Кому. Чего она важничает? Дурные примеры заразительны. Нет бы сказала: открывайте методички. Полчаса на изучение. Потом блиц-опрос. Или тест — крестики-нолики, крестики-нолики. Жаль только, что сама Лена эти крестики-нолики ненавидит.
— Так кому это важно? Представителю страховой компании. Знаменитая певица наверняка была застрахована на очень большую сумму. Наверняка были оговорены условия, при которых случай считается страховым. Но это за границей. Но, между прочим, и у нас все больше людей страхуют свои жизни. Для страховых компаний очень важна причина, от которой наступила смерть.
— Ну, для родственников это, наверное, тоже имеет значение.
— Для родственников — само собой. И для статистики. И, в конце концов, даже для администрации города. Представьте себе, если на одном пляже каждую неделю тонут люди. Надо же с этим что-то делать? Может быть, в этом месте не обустроены водоемы. Тогда кто-то за это должен отвечать. А может, человек неудачно нырнул там, где это запрещено? И во всем этом следователи будут разбираться только тогда, когда вы им напишете, что смерть наступила именно от утопления, а не от инфаркта, и не от отравления водкой, и не от того, что кто-то треснул этого человека палкой по башке. И еще не от десятка других возможных причин.
Хорошо, что Рябинкин не слышит, как Лена фантазирует.

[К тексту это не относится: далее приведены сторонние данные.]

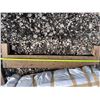 Image 12 : Queen Size Wooden Bed Frame With Headboard And Rails
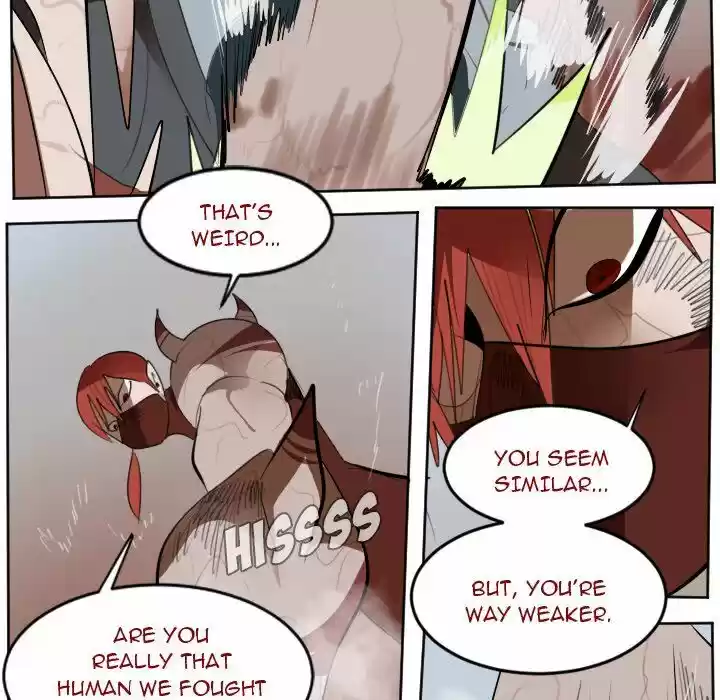 The Ultimate Evolution (Novel) Ch.138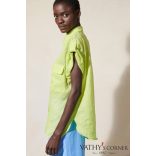 Luisa Cerano blúz 258413/3270 348  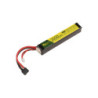 LiPo 7.4V Battery 2000mAh 15/30C T-connect (DEANS) Battery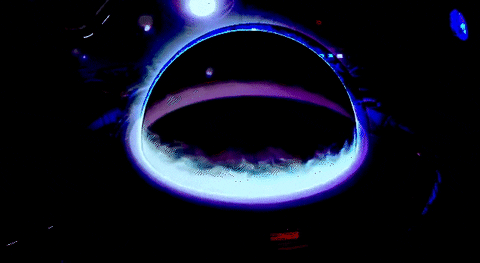 Art Glow GIF by andrew_indelicato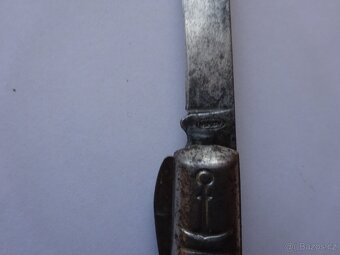 nůž Mikov kotva - 4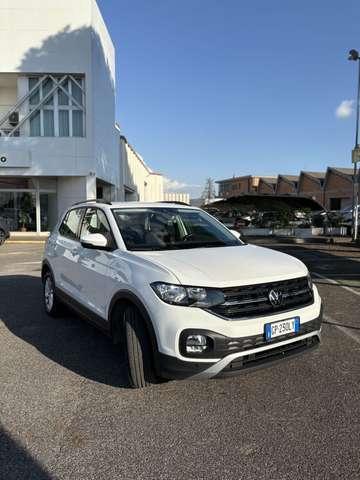Volkswagen T-Cross 1.0 STYLE 95 CV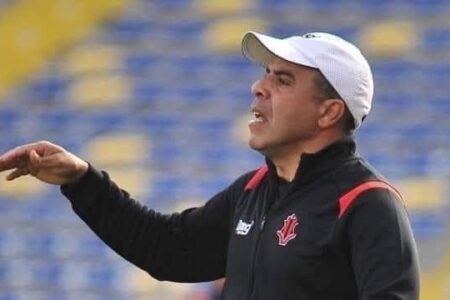 شباب المسيرة يميط اللثام عن هوية مساعد مدرب الفريق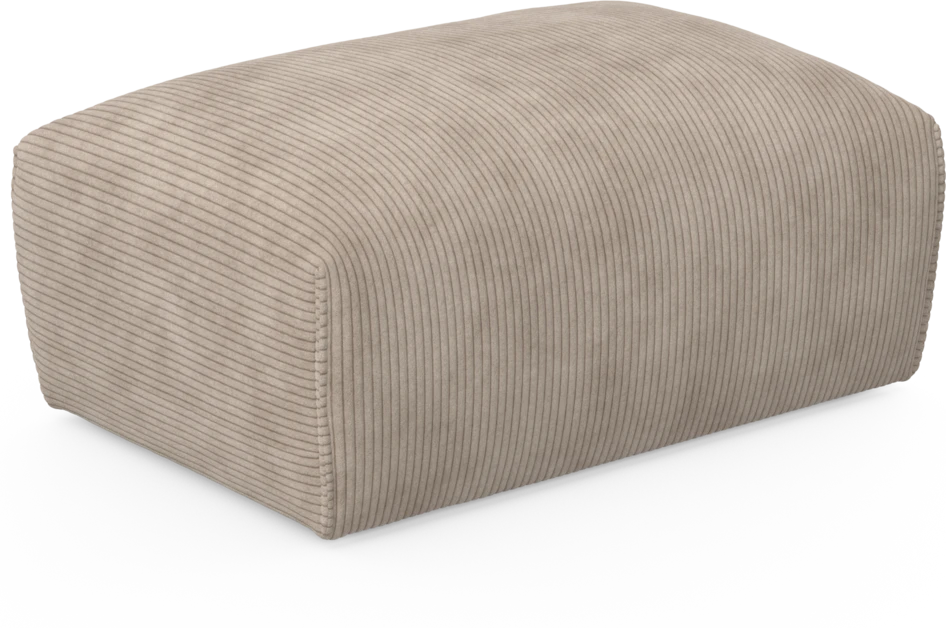 Free - Fotpall - Beige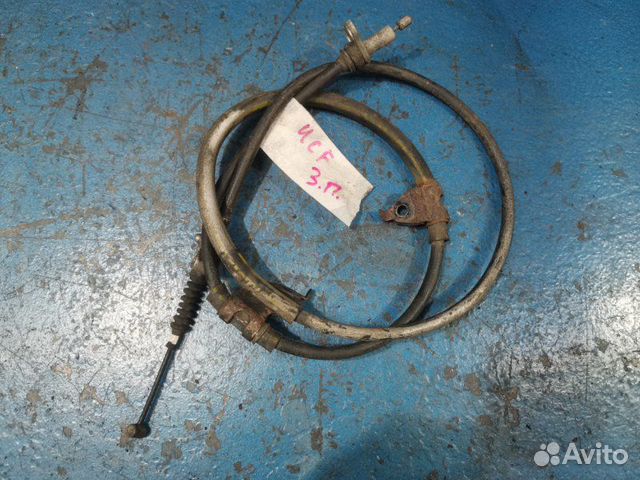 Трос ручника правый Lexus Ls430 UCF30 UCF31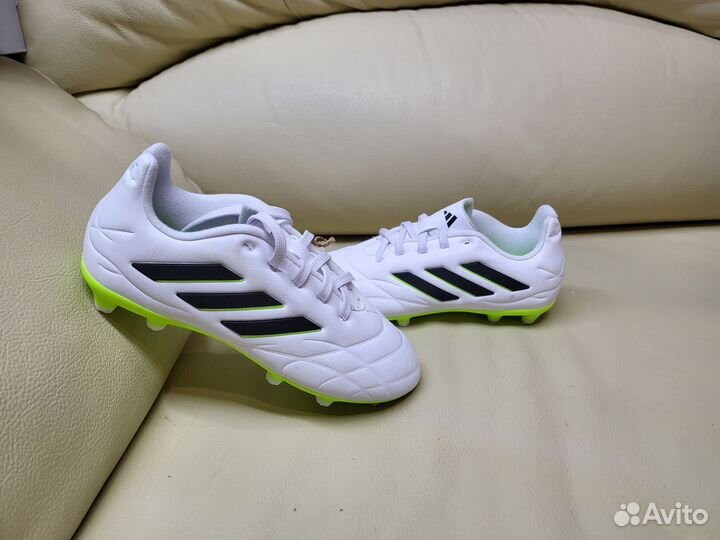 Бутсы Adidas Copa новые детские 32 р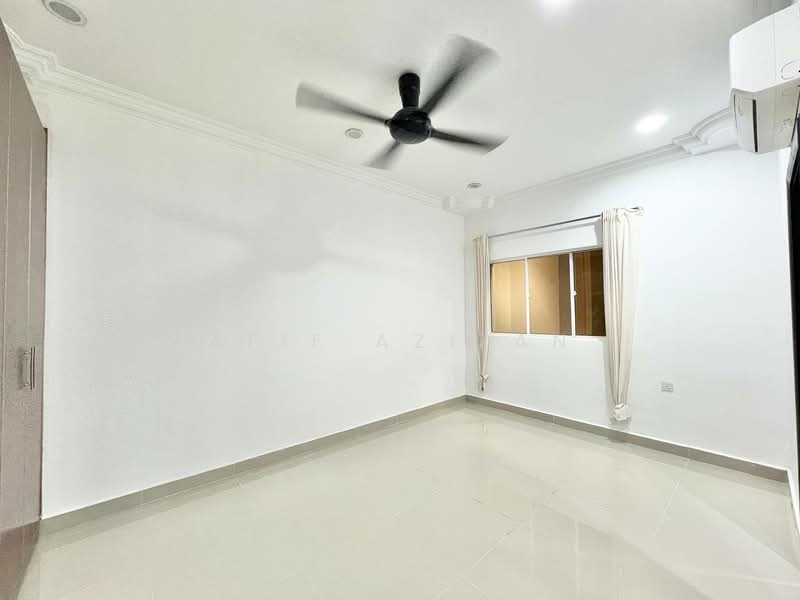 Kondominium untuk Disewa di Armanee Terrace II - Afif Azizan - PropertyGuru.com.my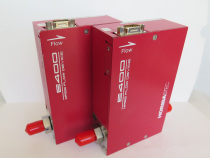 HORIBA E400 100LM N2 Gas Mass Flow Controller MFC Flowmeter SEC-E431X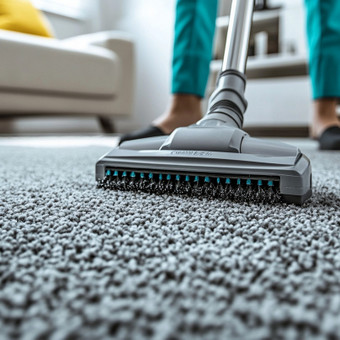 Biurų valymas Vilnius BioHomEx nuotrauka 3
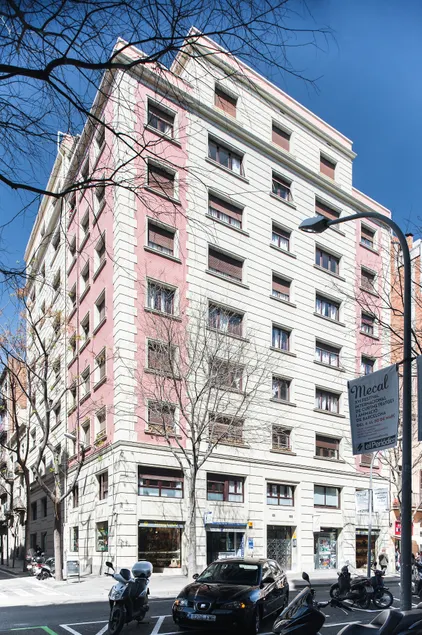 Mercedes Heritage - Family Apartment Barcelona - Image 1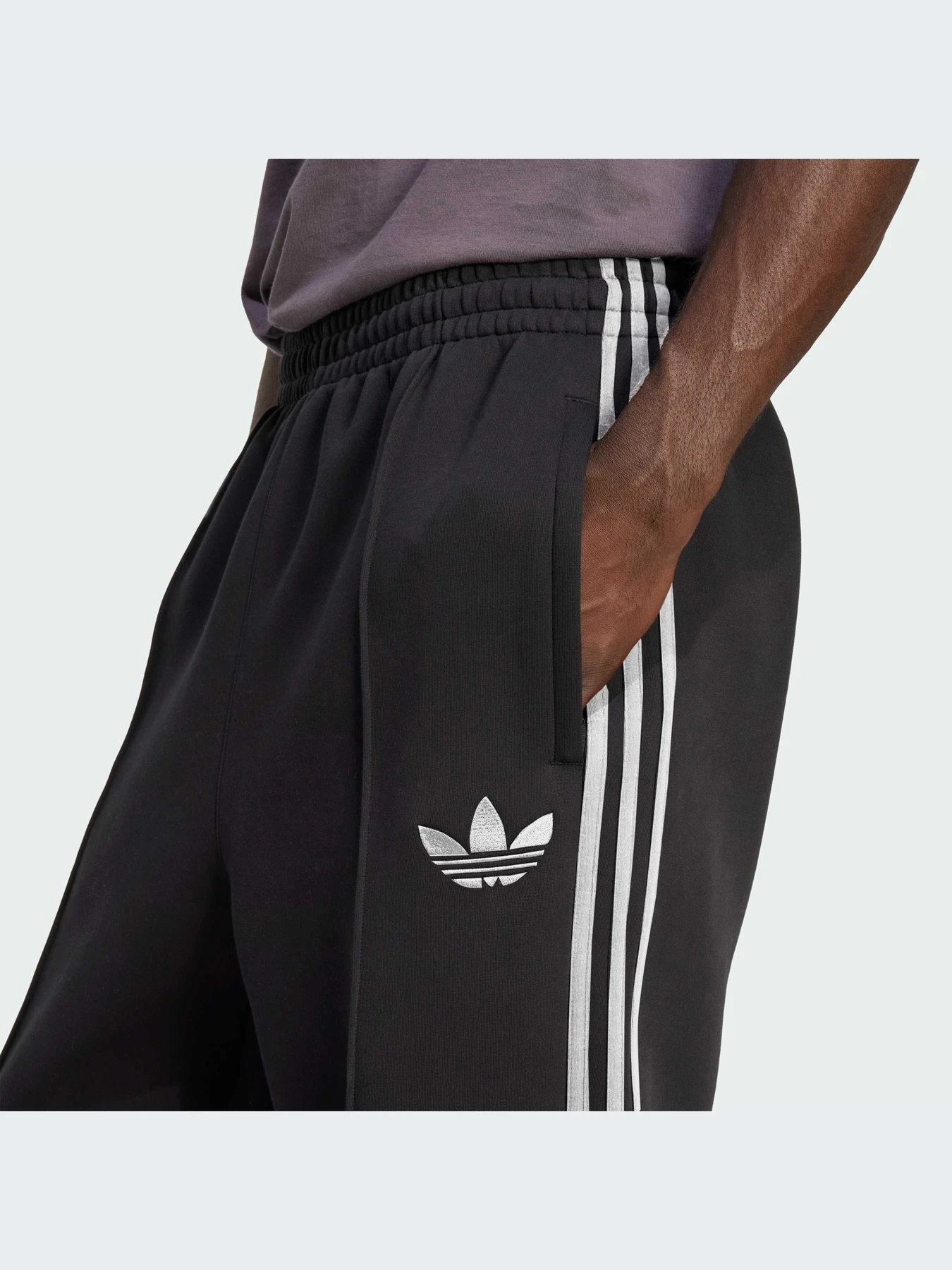 Брюки Adidas Adicolor модель JX1506-KZ Брюки Adidas Adicolor модель JX1506-KZ Фото
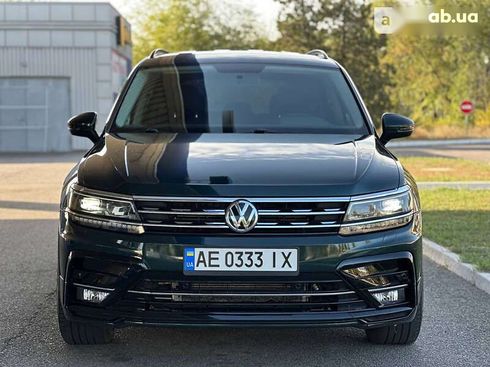 Volkswagen Tiguan 2017 - фото 7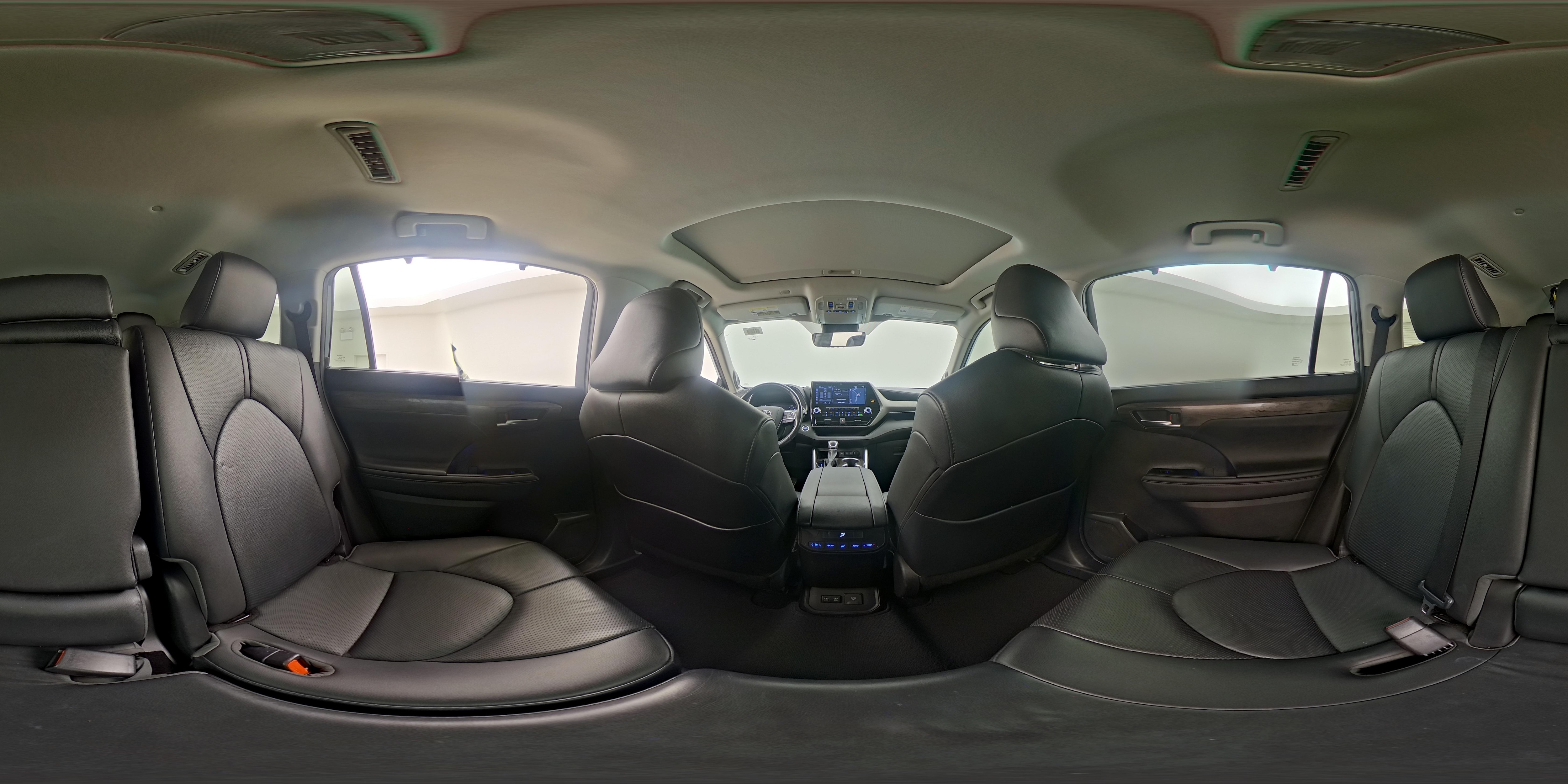 2020 Toyota Highlander Limited - Photo 29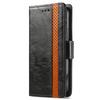 For Xiaomi 14T Phone Cases CASENEO PU Leather Cover Stand with RFID Blocking Wallet
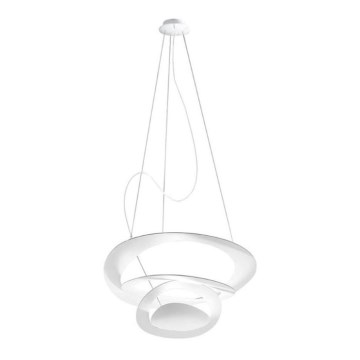 Artemide AR 1249010A - LED-dæmpbar pendel på wire PIRCE MICRO LED/27W/230V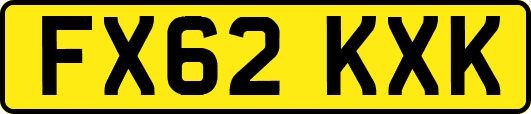 FX62KXK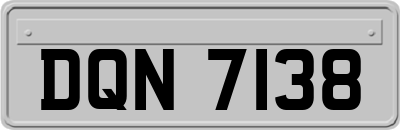 DQN7138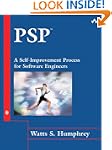 PSP(sm): A Self-Improvement Process f...
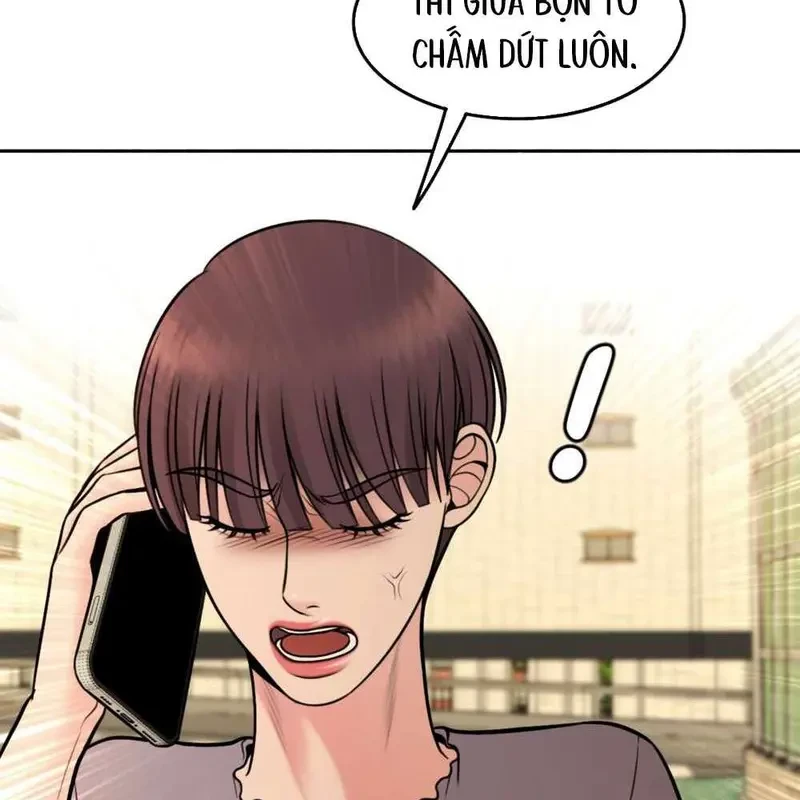 Ruthless GL Chapter 97 - 107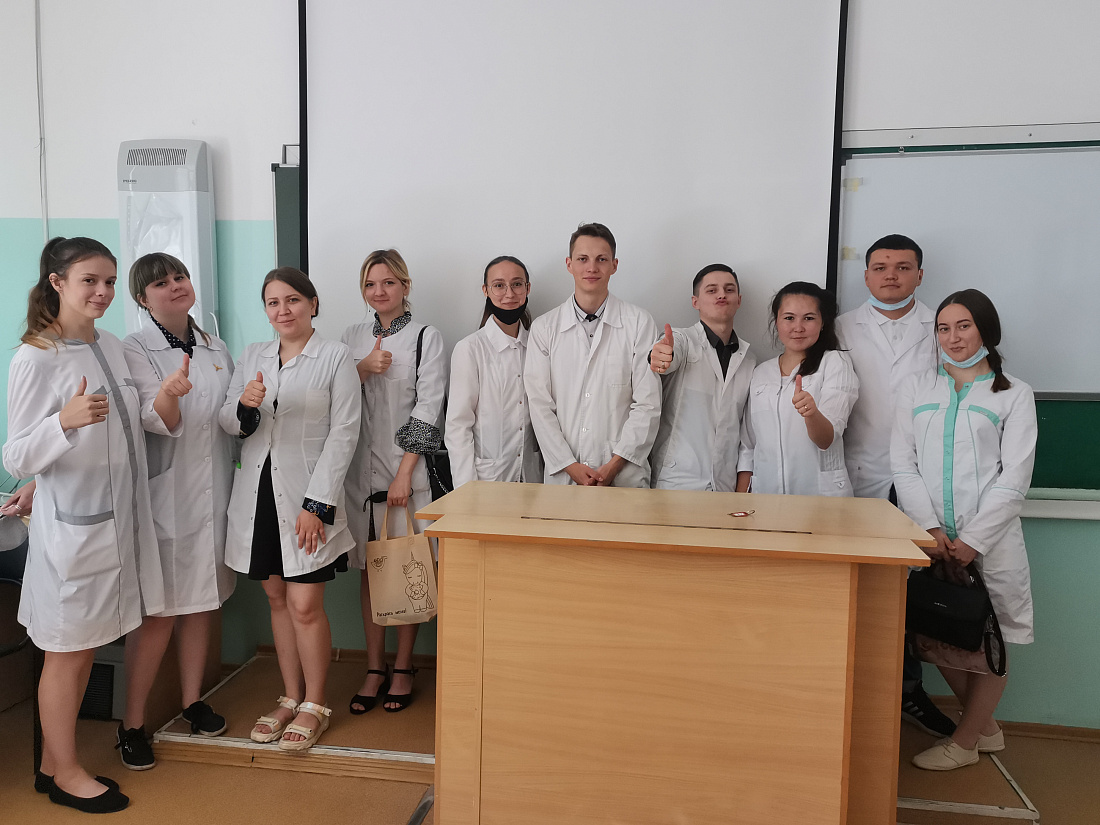 Идет защита   дипломных проектов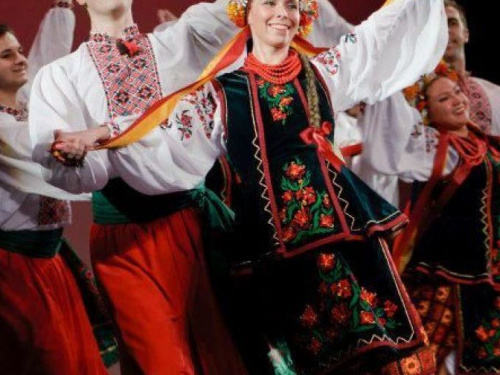 Более 30 коллективов выступят на фестивале национальной культуры в Мариуполе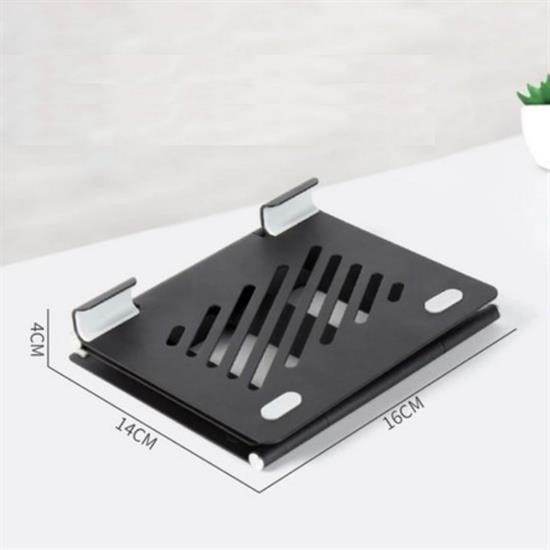 Ayarlanabilir Metal Dizüstü Destek Tabanı Katlanabilir Taşınabilir Laptop Sehpası Standı Ayarlanabilir Metal Dizüstü Destek Tabanı Katlanabilir Taşınabilir Laptop Sehpası Standı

Он бы, наверное, не похвалил за это. Зато почти все студенты подняли головы. Смотрят на нее.
— Конечно, самое главное, возможное убийство. Вы сами понимаете, насколько важно установить, было ли оказано на человека какое-то воздействие… — Что она несет? Разве так не говорят, «воздействие на человека»? — Вы обязательно должны установить, есть ли на трупе какие-либо повреждения, не связанные со смертью от утопления. Может, пострадавшего пырнули ножом на суше и потом просто столкнули в воду еще живым? Или вообще — сначала убили где-нибудь, а потом привезли и бросили в воду мертвое тело, чтобы скрыть следы преступления?
Студенты смотрели на нее и молчали. Надо закругляться.
— Итак, были ли в нашем сегодняшнем случае на трупе какие-нибудь повреждения — раны, кровоподтеки, кровоизлияния, переломы? Обнаружили мы что-нибудь такое, что противоречило бы гипотезе смерти от утопления?